Even the authors of HR676 turn-tail and run
As for HR676, not only has labor abandoned single-payer healthcare, Congressman Kucinich, who is among those who introduced the bill, has, according to his own website, Kucinich.us, retreated to begging for a “robust public option.”
And Congressman Conyers, who introduced HR676 in the first place has written House Speaker Pelosi recommending, “…that yearly out-of-pocket costs should be capped at 2.5 percent of a family’s adjusted gross income,” in effect, endorsing the poison pills in HR3962. (This is quoted from an October 20, 2009 news release posted to U.S. Congressman Conyers’ website at conyers.house.gov.)
So much for single-payer healthcare. And, in contrast to HR676, which covers all healthcare needs (except elective surgery) including prescriptions, dental, vision and hearing care, HR3962 only guarantees that every child in America (except, of course, those who are not “legal residents”) will have this coverage—adults and non-legal residents will have to fend for themselves for those needs.
Tragically, working people are going to experience first-hand this latest betrayal by the Democrats and the labor bureaucracy that supports them.
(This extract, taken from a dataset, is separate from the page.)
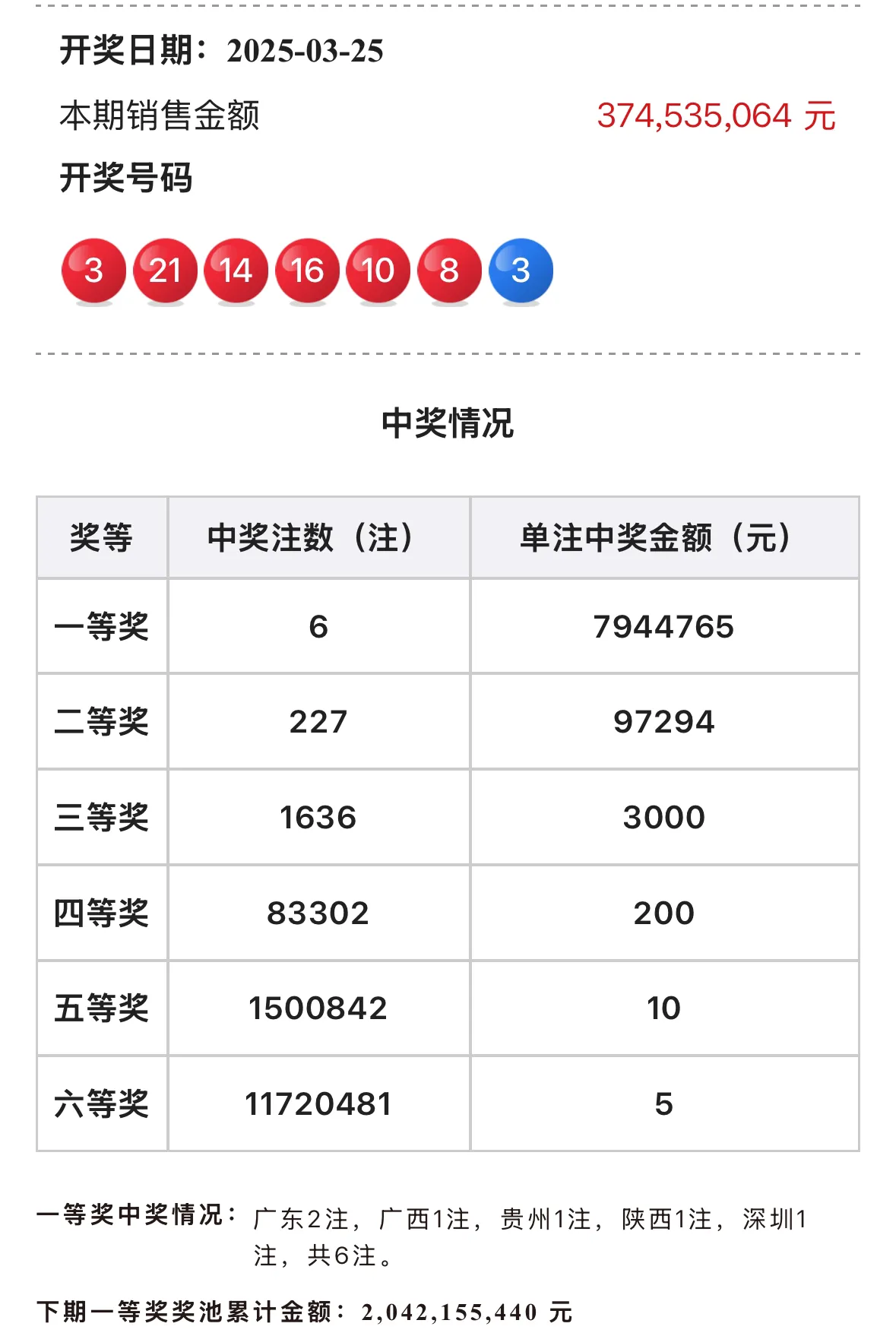 14场胜负彩开奖结果14场胜负彩开奖结果回顾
HR676, while not perfect, would have been a giant step forward for all working people residing in the United States and all its territories. Instead, with the passage of HR3962, or something similar, the insurance companies will have been awarded a guaranteed, government-enforced, multi-billion-dollar yearly bankroll, gouged from the pockets of working people and the poor—documented and undocumented alike—and thousands more will die for lack of care.
But this is yet another straw on the proverbial working-camel’s back. Which straw will be the last one before us camels decide to unite, stand up and fight back?
Hopefully, it will be the one before our backs are broken.